Is "With a Little Help From My Friends" the Perfect Song?

by Gary Ewer, from “The Essential Secrets of Songwriting” website:

I believe the best songwriters in the world are the best listeners. You can spend a lot of time trying to come up with the next gem, but it’s the ones who really listen to successful songs, trying to figure out why they work, that succeed. And in my opinion, Lennon & McCartney’s “With a Little Help From My Friends” is perhaps the quintesential perfect song.

So what makes this song work so well?

  1. Simplicity. There’s nothing tricky, nothing overly unexpected. In fact, it’s the perfect balance between predictability and innovation. I’ve always made the point that hit songs are strongly balanced toward predictability, with only a touch of innovation.
  2. The use of the tonic (key) note. The verse almost entirely avoids the tonic note, leaving that pitch to be stated and restated by the refrain.
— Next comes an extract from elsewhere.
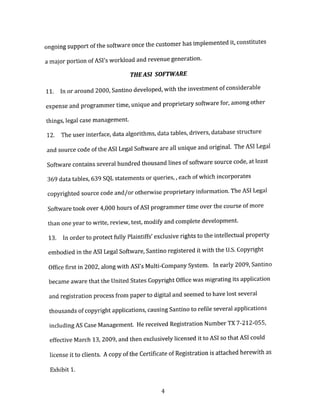 Subin Associates New York Defendants - Plaintiff Declaration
This works because verses should have a feeling of incompleteness about them, a sense of needing a chorus (or in this song’s case, a refrain) to complete the song. The refrain’s “Oh, I get by…” does this.
  3. Melodic structure. The verse undulates mainly between the tonic note and the dominant note. Because the refrain is basically lower in pitch than the verse, we get the dominant note in a strong position at the very beginning of the refrain. This places a high note in a structurally important place in the song. The bridge features the highest pitches of the song – crucial in a song that uses a rather limited range in the verse and refrain.
  4. The lyrics. They’re simple, using everyday words that everyone can relate to. Not to say, of course, that clever lyrics and double entendres aren’t the hallmark of many Beatles’ hits, but the simple lyric really works well here.
  5. Chords. The verse uses simple diatonic chords from E major with no surprises. The refrain uses a flat-VII (D), helping to differentiate it from the verse. The bridge (middle 8) uses a major II chord (F#), taking it a little further afield from the diatonic choices of the key of E major, but that’s as adventurous as it gets. For those looking for the elusive killer chord progression for their own songs, you’ll find that the zanier the chords get, the more you leave audience behind. Simplicity always trumps complexity.
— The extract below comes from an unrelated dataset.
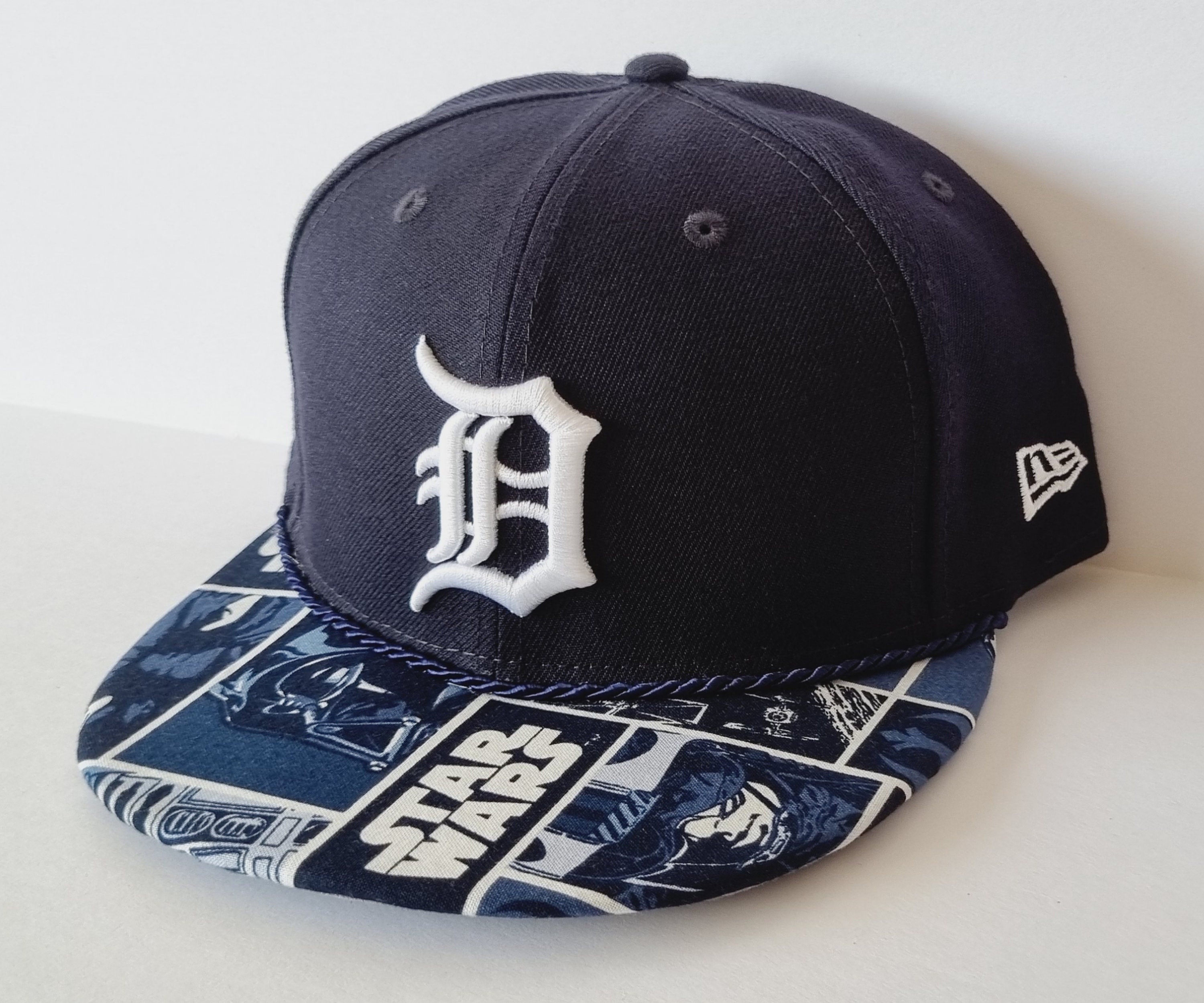Vintage Annco 1963 Detroit Tigers Logo Snapback Hat MLB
As a final thought, let me say: Being clever in a song can and will work for you, but if you are looking for a way to really connect with the heart of your listener, you need to be real, use simple words, and describe common emotions. “With a Little Help From My Friends” is the perfect example.

FOR A LIMITED TIME: Gary’s newest e-book, “The Essential Secrets of Songwriting- Chord Progression Formulas” is being offered for free when you purchase any other of his songwriting e-books. Read more..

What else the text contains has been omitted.